*** Block opens ***
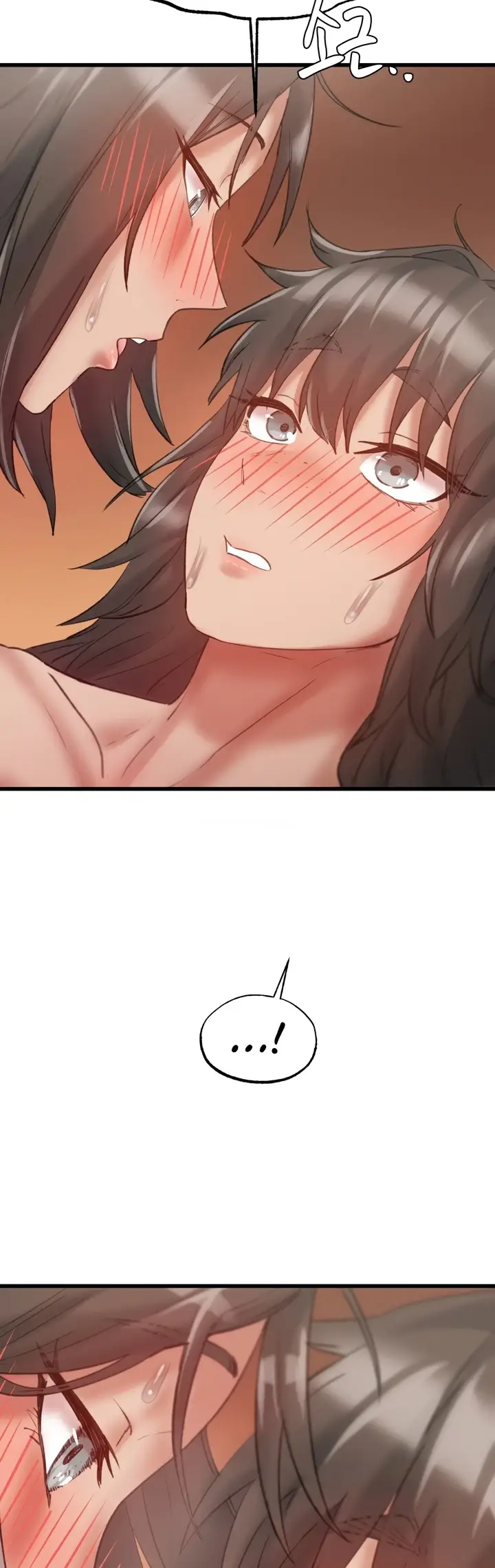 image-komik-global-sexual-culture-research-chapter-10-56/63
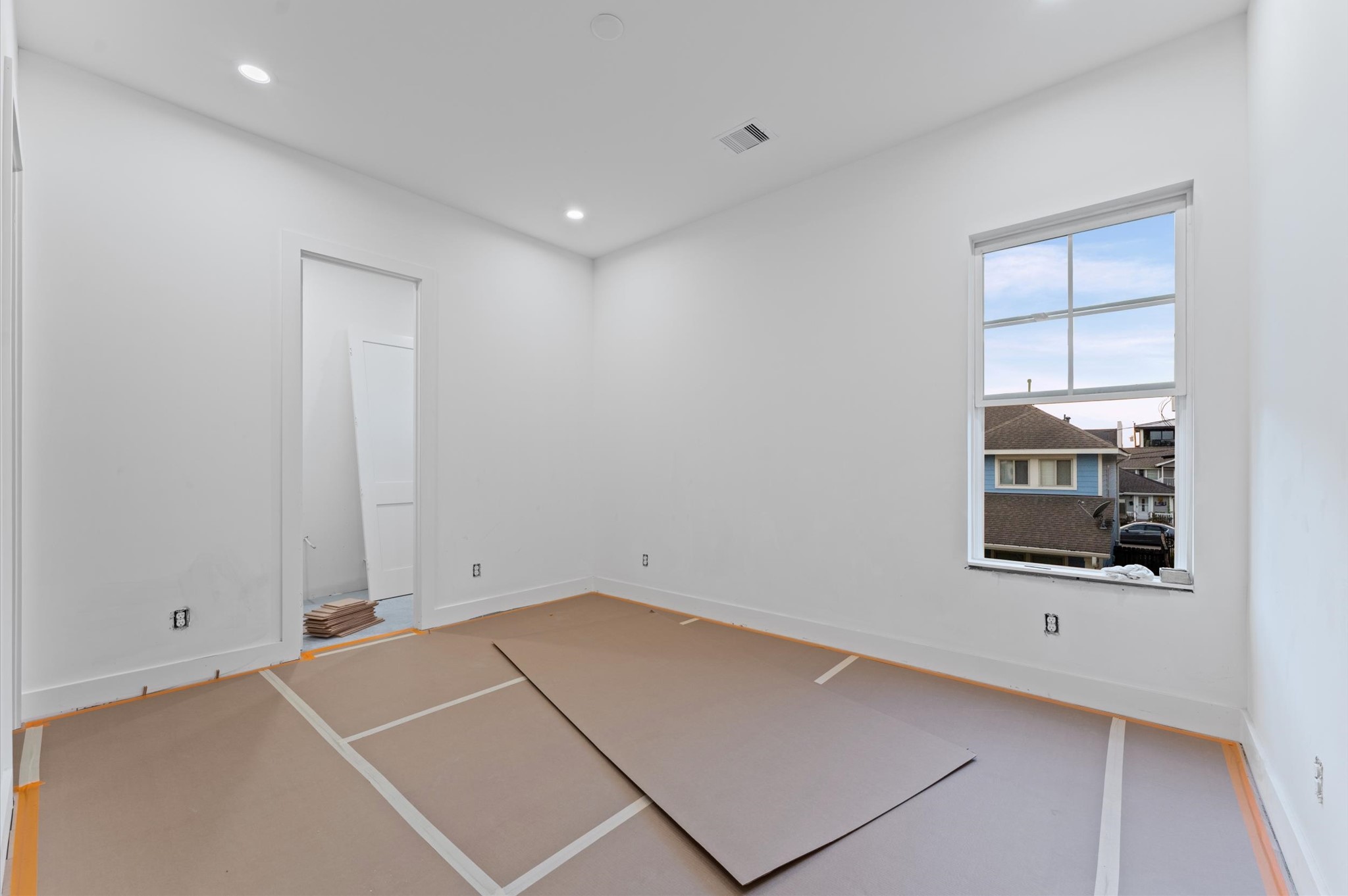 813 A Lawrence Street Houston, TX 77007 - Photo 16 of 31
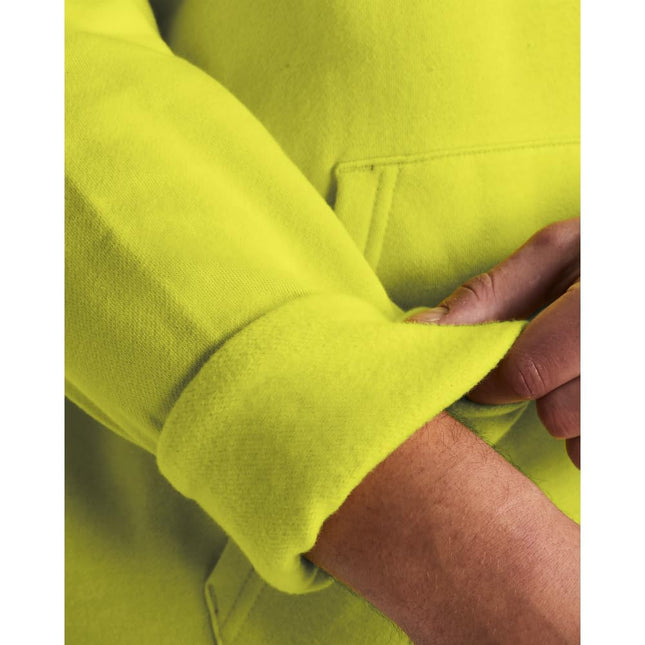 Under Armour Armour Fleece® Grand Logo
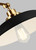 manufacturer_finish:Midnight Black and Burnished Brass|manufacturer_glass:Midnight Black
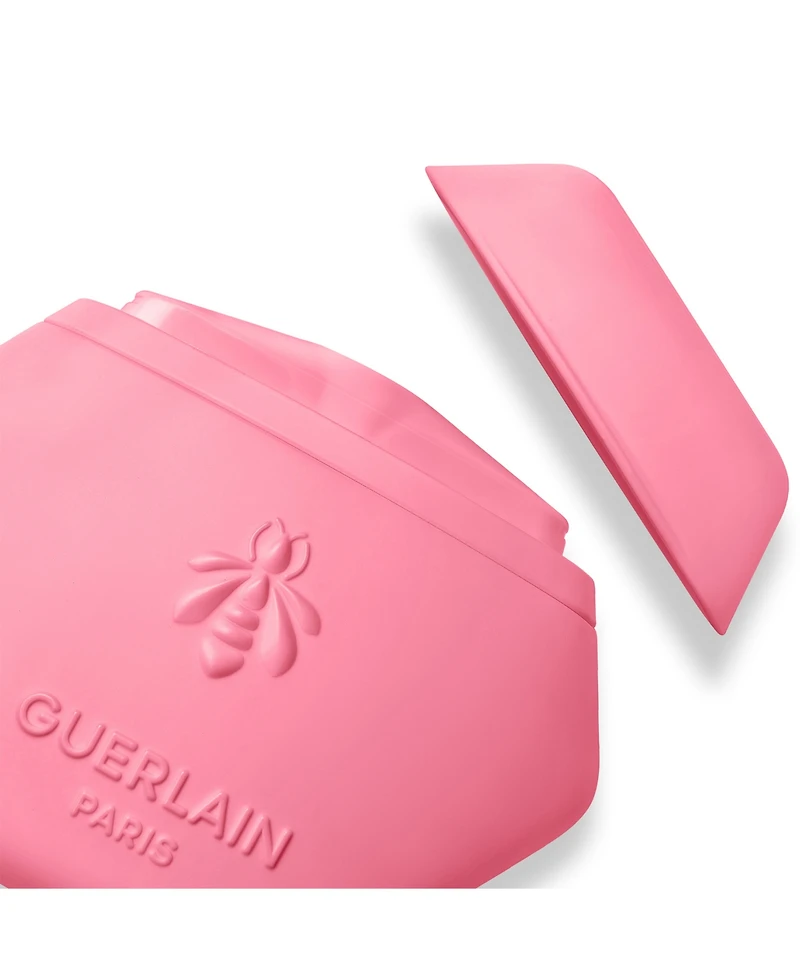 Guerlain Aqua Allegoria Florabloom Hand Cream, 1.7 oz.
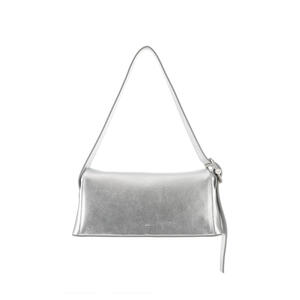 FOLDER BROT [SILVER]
*** Block closes ***
*** Block opens ***
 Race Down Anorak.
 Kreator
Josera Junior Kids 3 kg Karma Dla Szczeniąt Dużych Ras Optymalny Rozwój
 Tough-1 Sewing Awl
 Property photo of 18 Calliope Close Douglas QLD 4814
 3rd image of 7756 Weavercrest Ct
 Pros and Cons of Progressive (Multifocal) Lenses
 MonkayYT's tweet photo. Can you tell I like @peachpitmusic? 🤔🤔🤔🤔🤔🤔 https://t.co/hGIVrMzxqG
*** Block closes ***
WHAT IS EXPECTED -> All that belongs in your answer is the stretch of entries above from the line with "3rd image of 7756 Weavercrest Ct" through the line with "MonkayYT's tweet photo.", printed exactly.

REPLY TO THE TASK ->
 3rd image of 7756 Weavercrest Ct
 Pros and Cons of Progressive (Multifocal) Lenses
 MonkayYT's tweet photo. Can you tell I like @peachpitmusic? 🤔🤔🤔🤔🤔🤔 https://t.co/hGIVrMzxqG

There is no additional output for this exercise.